In the Driver’s Seat
HP and IBM continue to lead the market, although it’s hard to pin down which one is the main trail blazer. Depending on whom is asked and how the numbers are churned, one or the other comes out ahead by a hair. Their combined shared is significant; collectively, the two vendors capture as much as 75 percent of blade revenue.
HP was the first vendor to respond broadly to user demand for greater manageability. As many organizations adopting blades have come to learn, the initial blade hype about virtualization and rapid replacement turned out to be misleading. Scripting and considerable effort are necessary to manage blades and enable them to interact well with the rest of IT environment.
Enter HP BladeSystem, a package of hardware, software, and services HP has built around its blade offerings and unwrapped just last week.
“Customers have been asking for a complete system that addresses management, virtualization, and an overall approach to blades,” said Rick Becker, the newly named vice president and general manager of HP’s BladeSystem Division. “The BladeSystem infrastructure is one track to drive ownership costs down by 25 percent.”
This new packaging for HP’s blades ties it firmly into the vendor’s Adaptive Enterprise strategy. As an example, Becker talks about the possibility of using a blade server farm to consolidate user desktop licenses. Say there are 1,000 desktop users in a company, but only 500 are ever logged on at any one time.
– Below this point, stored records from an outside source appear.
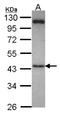 SUFU Negative Regulator Of Hedgehog Signaling antibody, NBP2-20536, Novus Biologicals, Western Blot image 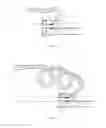 Fig. 02 - MEDICAL DEVICE FOR TISSUE ABLATION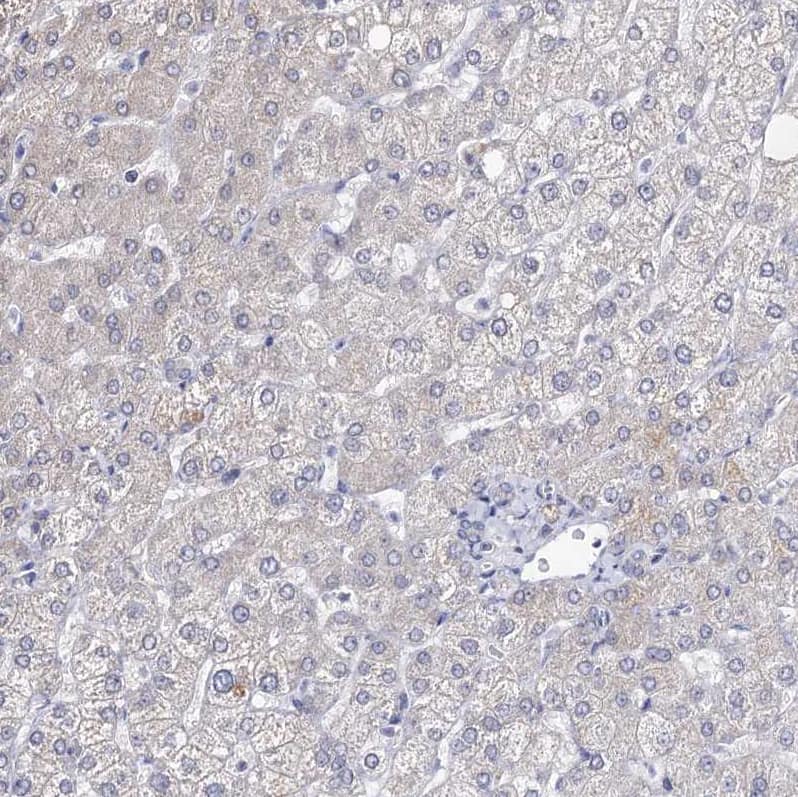 Staining of human liver shows no positivity in hepatocytes as expected.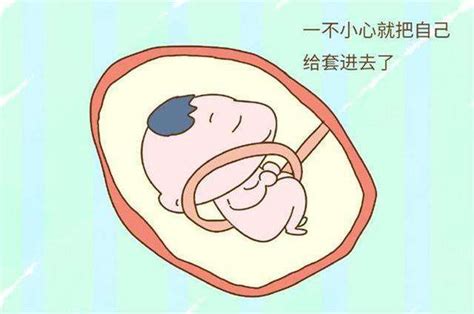 孕妇如何预防胎儿畸形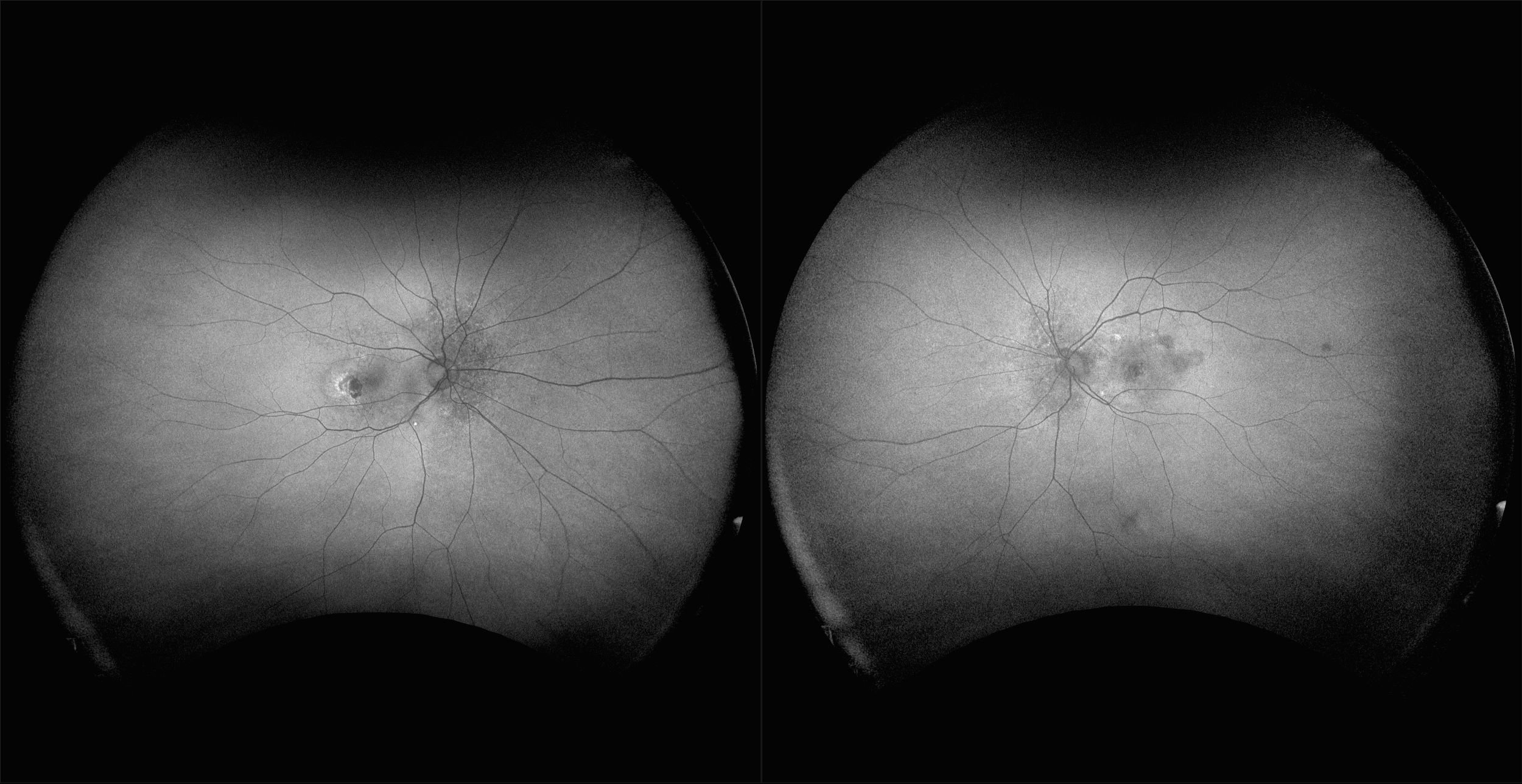 California - Neovascular AMD with Inactive CNV, AF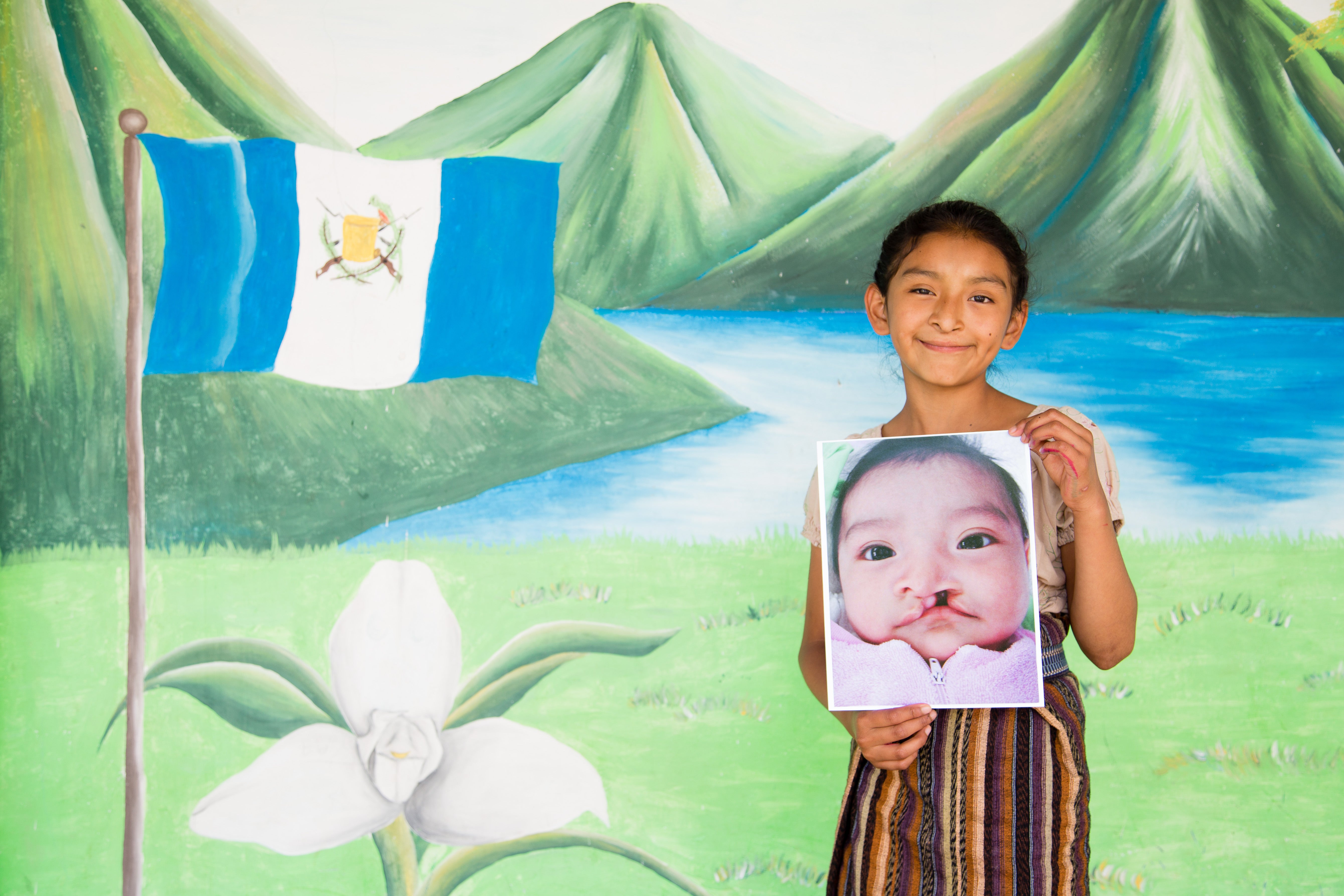 Valery sonriendo y sosteniendo una foto de ella misma antes de la cirugía de fisura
Instead of requiring 1,000 desktop licenses, blade virtualization would mean only 600 licenses are needed, and HP BladeSystem manages each new log-on to ensure it is connected to the next available blade, rather than having to dedicate hardware and software to each user.
In terms of the blades themselves, the main change in BladeSystem is that in HP’s high performance p-class blade, the Xeon processors can change clock speed at start up to a lower heat rate (with a small performance hit). HP Insight Manager software controls this by decreasing or increasing clock speed based on utilization rates. According to Becker, this results in a 20-precent savings on the power and cooling bills.
Meanwhile, IBM released a similar program called BladeCenter Standby Capacity on Demand. IBM also added Intel Xeon EM64T (Extended Memory 64-bit Technology) chips to its blade server options, tuned its high-performance POWER5 microprocessor blades for Linux, and integrated IBM BladeCenter with Brocade and Cisco-based SAN equipment and software. The latter makes it far easier to use blades in a SAN.
Perhaps the most controversial IBM blade development, concerned a standardization deal between IBM and Intel under which the two vendors agreed to open the design specifications of the BladeCenter system to interested third parties. Although loudly trumpeted by both companies, rivals and analysts have questioned BladeCenter’s qualifications as a true industry standard.
“While Intel and IBM are trying to create a de-facto standard, this is not truly an industry standard,” said Enck. “Blade technology remains highly proprietary and will remain so for many years.”